Word for word, restate the listing that follows and leave out the images.

▸ **Information supplied**:
******

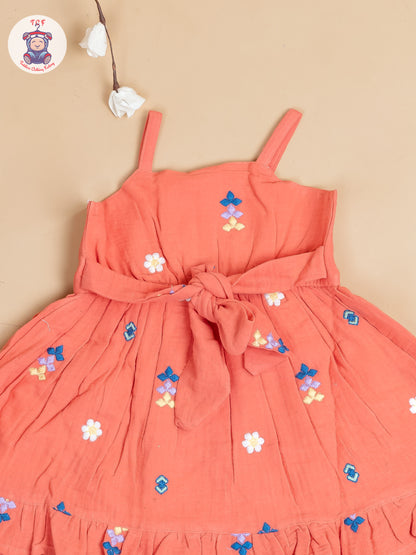 Rust Orange - Girls Muslin Cotton Embroidered Frocks
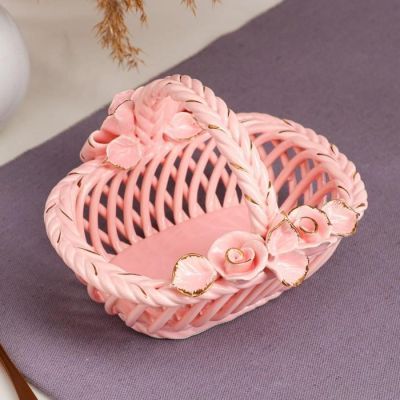 Конфетница "Олька", розовая, лепка, плетение, 13 см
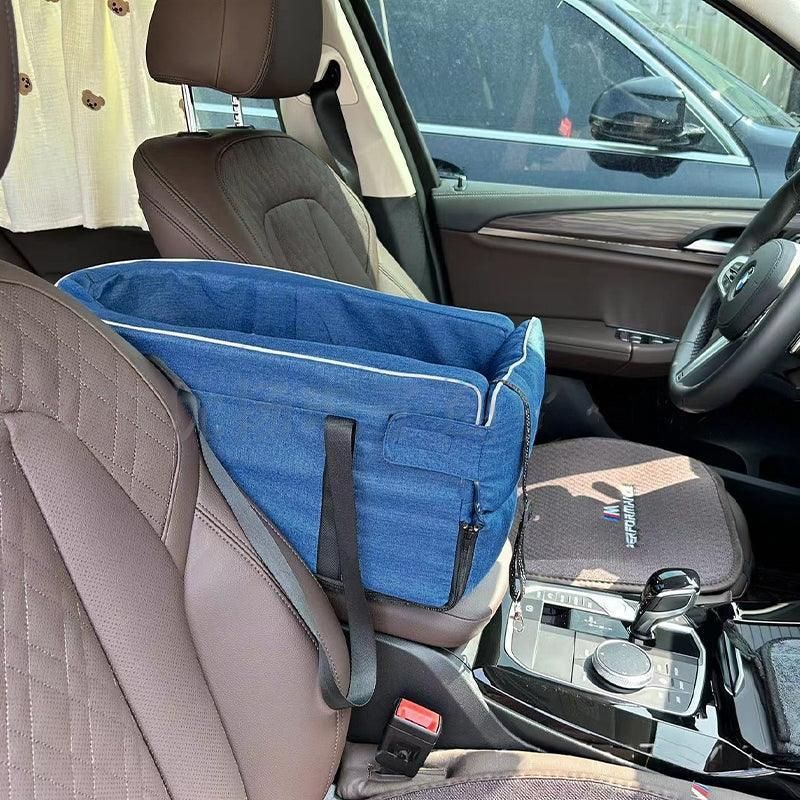 Car Pet Seat Auto Seat Center Console Dog Cat Nest Pad Removable Pet Carrier - Grey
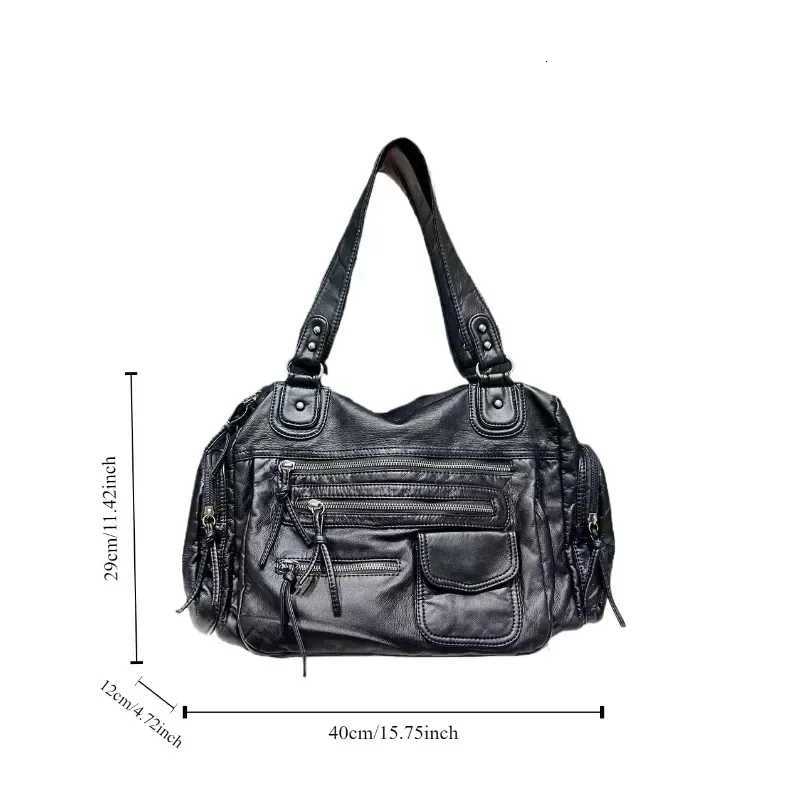 Womens Fashion Y2K Hot Girl Motorcycle Bag Large Capacity Washed Distressed Shoulder Crossbody HandbagW251117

******

▸ **Answer for the task**:
 Rust Orange - Girls Muslin Cotton Embroidered Frocks
 Конфетница "Олька", розовая, лепка, плетение, 13 см
 Car Pet Seat Auto Seat Center Console Dog Cat Nest Pad Removable Pet Carrier - Grey
 Womens Fashion Y2K Hot Girl Motorcycle Bag Large Capacity Washed Distressed Shoulder Crossbody HandbagW251117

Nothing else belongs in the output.